Dans un monde complexe, les causalités se referment sur elles-mêmes. On a des enchaînements circulaires. Maurin dans La méthode trace des boucles de feedbacks pour montrer qu’il n’existe ni début ni fin, uniquement des processus. Pour transformer la société, on peut agir partout. Croire qu’il existe des points de levier exclusif, par engagement idéologique ou étroitesse d’esprit, c’est nier les autres possibilités, en toute probabilité celles qui seront fécondes.
On peut à titre personnel militer pour un angle d’attaque particulier mais on ne doit lui accorder aucune prévalence. C’est l’alliance des causes compatibles qui provoquera un changement durable. Si l’une parmi elles l’emportait, nous devrions immédiatement reprendre le combat. Un point de vue unique nous approche de la dictature idéologique.
Un cas pratique
De nombreux activistes ne jurent que par la refonte de la constitution. C’est le Saint-Graal pour eux. Une condition sine qua non. À mon avis, ils s’enferment dans une boucle stérile.
Postulat. Les hommes de pouvoir ont écrit la constitution. Ils sont aussi pourris qu’elles. Tant qu’on ne changera pas la règle qu’ils ont définie, rien ne bougera.
Présupposé 1. Ce postulat sous-entend que nous n’avons aucun moyen d’action acceptable hors de la constitution.
Déduction 1. Mais alors comment changer la constitution elle-même si elle ne prévoit pas la possibilité pour elle d’évoluer, ou d’être remplacée ? Nous n’avons d’autre recours qu’agir de l’extérieur. Une constitution est nécessairement incomplète. Pour évoluer, elle a toujours recours à ce qui n’est pas encore contenu en elle. La constitution ne peut donc être le seul levier de transformation sociale. Et si elle accepte ce qui lui est extérieur, elle devient processus. Elle n’est plus figée mais provisoire, instable, révisable. Elle n’est plus ce qu’on appelle une constitution.

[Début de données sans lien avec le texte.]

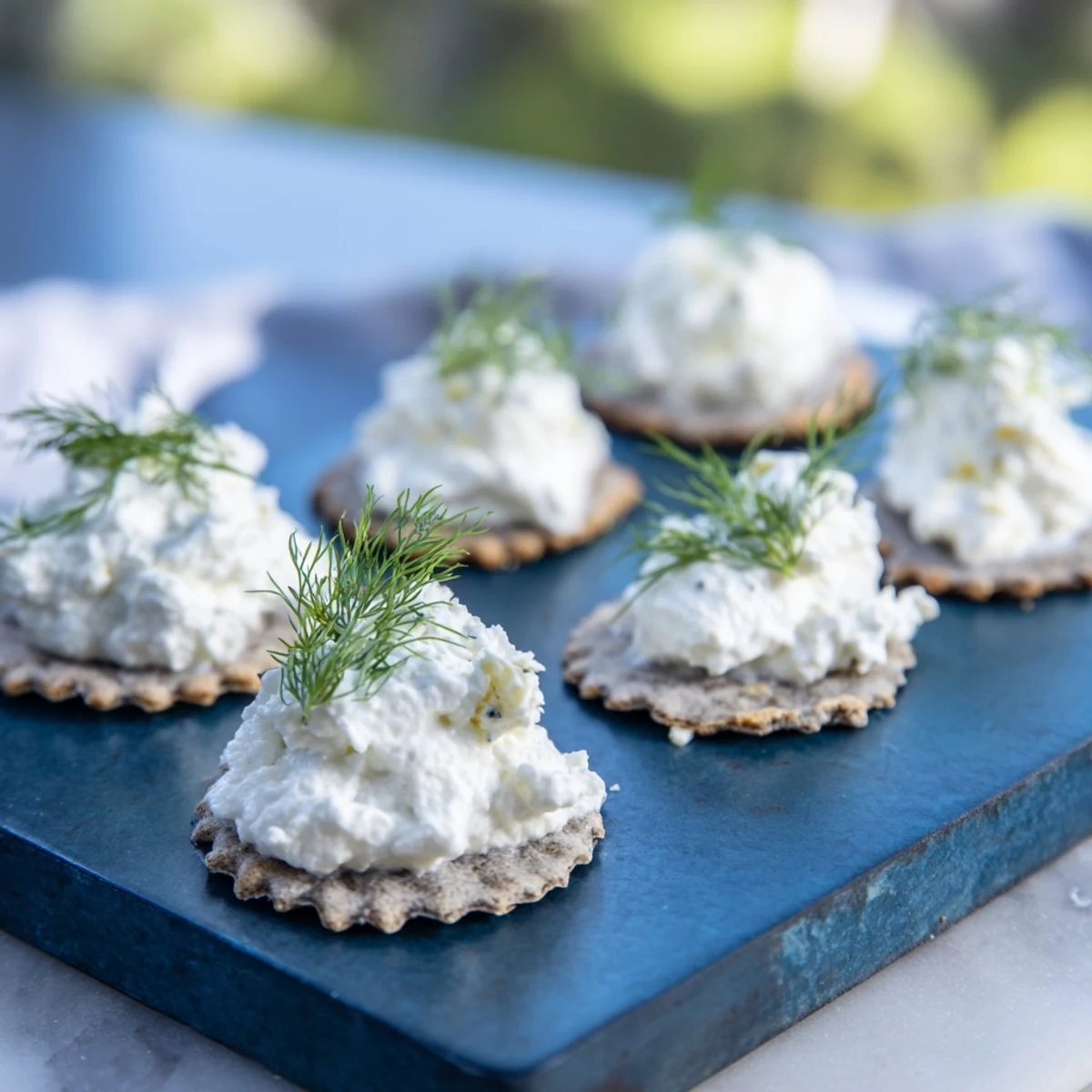 A plate of The Stormy Sea, a captivating appetizer with wavy crackers and fluffy white goat cheese.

Présupposé 2. La nouvelle constitution empêchera la gangrène qui ravage l’ancienne.
Déduction 2. Par quel miracle une nouvelle classe de privilégiés n’apparaîtrait pas ? Je crois que des hommes et des femmes finissent toujours par trouver la solution à l’équation de la constitution. Ils en deviennent les apparatchiks. Ils dénichent une faille à cause de l’incomplétude congénitale de la constitution. Ils s’installent à sa frontière. Il me paraît inutile de rêver de la constitution idéale. Toute constitution engendre des déséquilibres.
Conclusion. Je ne dis pas qu’il ne faut pas réviser la constitution, mais il faut être conscient que cette révision en réglant certains problèmes en provoquera d’autres.
C’est un vieux problème en logique résolu par Gödel. On ne peut pas définir une axiomatique sans que, en elle-même, jaillisse des problèmes indécidables. Cette indécidabilité, ce flou juridique, est le terreau sur lequel se construisent les inégalités.
Le combat constitutionnel est important, mais il ne peut être ni le seul, ni celui qui doit être privilégié (pas plus qu’un autre). La rénovation passe nécessairement par le dialogue entre les causes. Seuls, les chevaliers de chacune d’elle n’aboutiront à rien.